Conspiracy theories have long been used to maintain power: the Soviet leadership saw capitalist and counter-revolutionary conspiracies everywhere; the Nazis, Jewish ones. But those conspiracies were ultimately there to buttress an ideology, whether class warfare for Communists or race for Nazis. With today's regimes, which struggle to formulate a single ideology - indeed, which can't if they want to continue sending different messages to different people - the idea that one lives in a world full of conspiracies becomes the world view itself. Conspiracy does not support ideology; it replaces it. [...] Conspiracy is a way to maintain control. In a world where even the most authoritarian regimes struggle to impose censorship, one has to surround audiences with so much cynicism about anybody's motives, persuade them that behind every seemingly benign motivation is a nefarious, if impossible-to-prove, plot, they lose faith in the possibility of an alternative, a tactic a renowned Russian media analyst called Vasily Gatov calls 'white jamming'.
Today, bots, trolls, and cyborgs [sockpuppets] could create the simulation of a climate of opinion, of support or hate, which was more insidious, more all-enveloping than the old broadcast media. And this simulation would then become reinforced as people modified their behaviour to fall in line with what they thought was reality. In their analysis of the role of bots, researchers at the University of Oxford called this process 'manufacturing consensus'.
It is not the case that one online account changes someone's mind; it's that en masse they create an ersatz normality.

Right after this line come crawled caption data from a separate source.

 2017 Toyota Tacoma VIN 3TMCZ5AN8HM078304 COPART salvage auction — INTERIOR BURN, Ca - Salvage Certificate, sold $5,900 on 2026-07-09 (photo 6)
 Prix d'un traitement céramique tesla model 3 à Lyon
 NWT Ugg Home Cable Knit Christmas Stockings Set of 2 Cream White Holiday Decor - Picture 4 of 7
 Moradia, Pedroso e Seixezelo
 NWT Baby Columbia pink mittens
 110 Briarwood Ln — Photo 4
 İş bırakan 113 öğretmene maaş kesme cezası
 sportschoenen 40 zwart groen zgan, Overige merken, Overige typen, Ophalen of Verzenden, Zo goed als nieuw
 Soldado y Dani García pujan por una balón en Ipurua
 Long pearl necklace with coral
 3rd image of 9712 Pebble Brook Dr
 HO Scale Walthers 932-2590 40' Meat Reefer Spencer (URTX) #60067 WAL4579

There are some things that a few experts can at least occasionally agree on. First, that the Russian approach smudges the borders between war and peace, resulting in a state of permanent conflict that is neither fully on nor fully off. And in this conflict information campaigns play a remarkably important role. Summarising the aims of Russian 'next-generation warfare', J膩nis B膿rzi艈拧 of the Latvian Military Academy describes a shift from direct annihilation of the opponent to its inner decay; from a war with conventional forces to irregular groupings; from direct clash to contactless war; from the physical environment to the human consciousness; from war in a defined period of time to a state of permanent war as the natural condition in national life.
This leaves us with a paradox. On the one hand, it is necessary to recognise and reveal the way the Kremlin, with a military mindset, uses information to confuse, dismay, divide, and delay. On the other, one risks reinforcing the Kremlin's world view in the very act of responding to it. It is in Ukraine where this paradox plays out at its most intense.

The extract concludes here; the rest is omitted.